Since then Everard had survived many an encounter with others more powerful than himself. He'd survived the terrible Burning when Akasha passed over the world striking down Children of Darkness everywhere without regard to character, courage, merit, or mercy.

He'd even survived a brief and insulting mention in one of the Vampire Chronicles by Marius, who'd described Everard without naming him as "gaunt and big boned" with dusty clothes and dirty lace.

Well, he could endure the "gaunt and big boned." That was true, and he thought himself quite beautiful in spite of it, but the dusty clothes and dirty lace? It infuriated him. He kept his shoulder-length black hair and his clothes immaculate. If he ever ran into Marius again, he intended to smack his face.

But that was all foolishness really. If he played his cards right, he'd never run into Marius or anyone else, except to exchange a few kind words and then move on. The point was Everard lived with other blood drinkers at peace.

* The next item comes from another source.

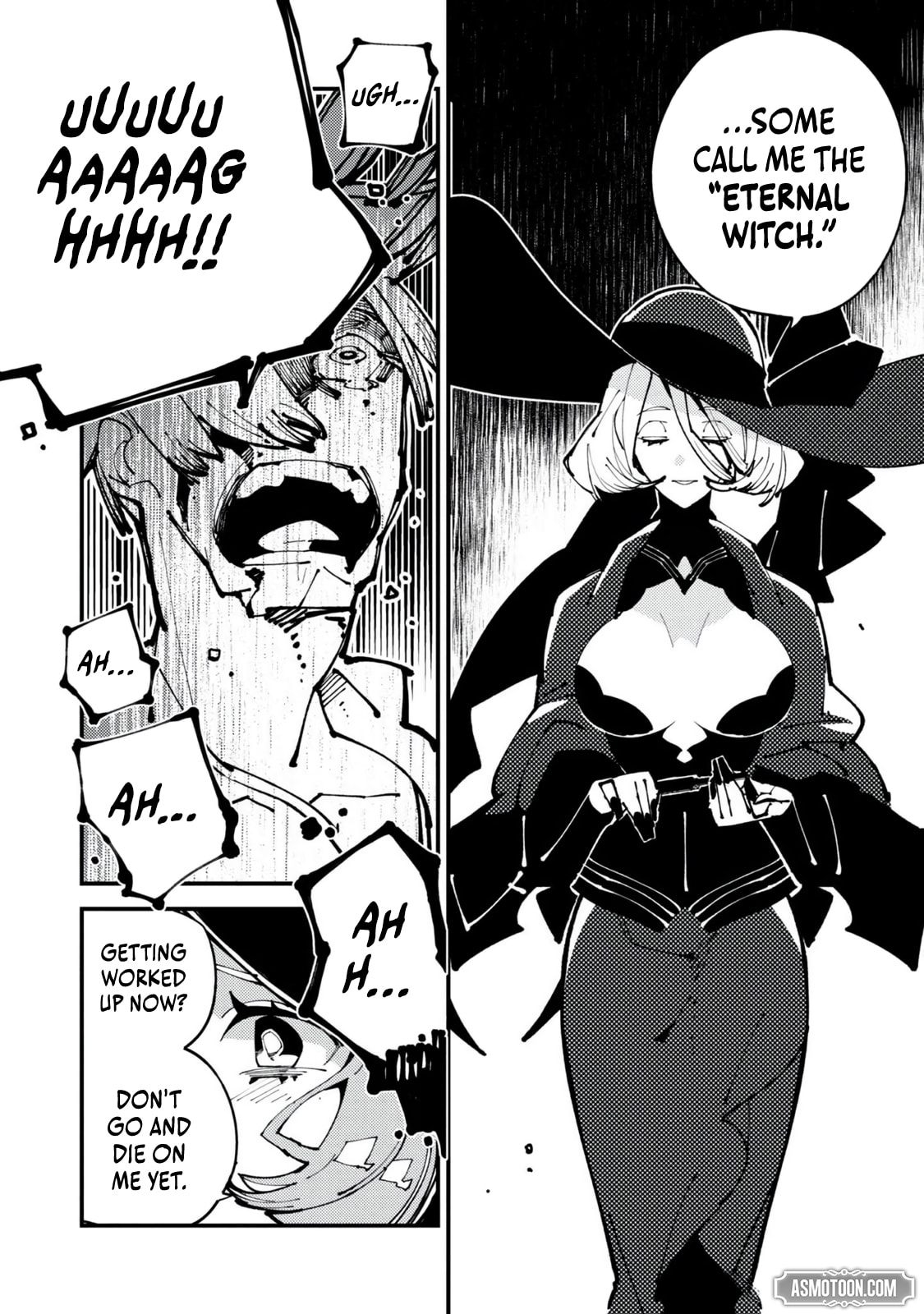 The One-Eyed, One-Armed, One-Legged Sorcerer Chapter 11 page 26 - 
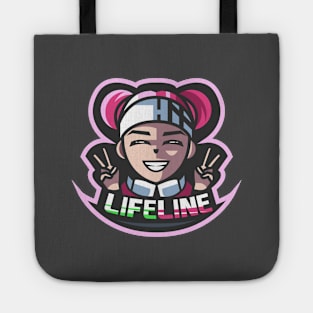 Apex Legends Lifeline Mascot Esports logo Tote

And now this inane Voice, this Voice that came right into his head, bedeviled him nightly with commands to kill and to burn and to rampage. And he could not shut this Voice out.

Finally, he'd resorted to music. Everard had started purchasing excellent systems for amplified music since the beginning of the twentieth century. Indeed the storerooms of his little villa were a veritable museum, as he hated to throw good things away. And so he had windup Victrolas, stacks of thick old black phonograph records that he had once played on them, as well as early electrical machines that had once given him "high fidelity" and "stereo" and now collected dust.